Reportage: Les Ambassadeurs du tri, en mission pour plus de recyclage
Par Arhtur Lyon-Caen, Téo Levain, Sofia Varengo et Yuna Perrière
Pour aller plus loin...
Et le compost, on en dit quoi?
Le 1er janvier 2024, l’obligation de composter ses déchets alimentaires va entrer en vigueur. Le but ? Permettre une valorisation des biodéchets, pour lutter contre le gaz à effet de serre produit lors de la destruction des déchets.
Les Alchimistes, un groupe se revendiquant de « l’économie sociale et solidaire », a pris les devants, permettant aux entreprises d’amorcer au mieux cette nouvelle loi. Leur service leur propose de s’occuper entièrement du processus de compost à leur place.
Démarchée par Les Alchimistes, Homa Café Boutique est un café, salon de thé et boutique à Lille. Homa compte 6 employés, et Anne-Céline, la patronne des lieux. Si cette dernière accepte de travailler avec Les Alchimistes, au-delà du concept qui lui plait, c’est surtout parce que l’heure tourne et l’obligation se rapproche.

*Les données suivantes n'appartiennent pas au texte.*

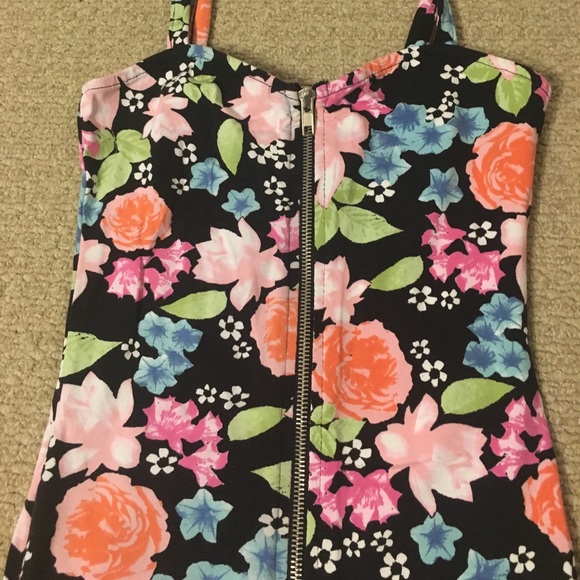 H&M floral bodycon dress NWT - Picture 2 of 4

Les petites entreprises comme Homa n’ont pas forcément le temps de se rendre sur les lieux de compostage commun et sont donc dans l’obligation de déléguer. Les Alchimistes aident à cette gestion : ils fournissent les poubelles, viennent récupérer le compost toutes les semaines, ils s’occupent de l’acheminement des déchets ainsi que la création du compost et de la revente de celui-ci. Ils permettent d’enlever un réel poids pour les petites entreprises face à cette obligation.
Mais tout cela a un coût : « On a payé 99€ la mise en route avec la formation et on paye un forfait de 49€ par mois pour le ramassage et le remplacement des 2 poubelles une fois par semaine… Tout cela hors taxes. C’est très cher. Ce que je ne comprends pas surtout, c’est que ce soit une obligation légale, confiée à des entreprises privées et qui devient donc un service payant » témoigne Anne-Céline.
Si le compost est une idée intéressante écologiquement, il semble important qu’il soit mieux amorcé économiquement, notamment pour le bien des petites entreprises.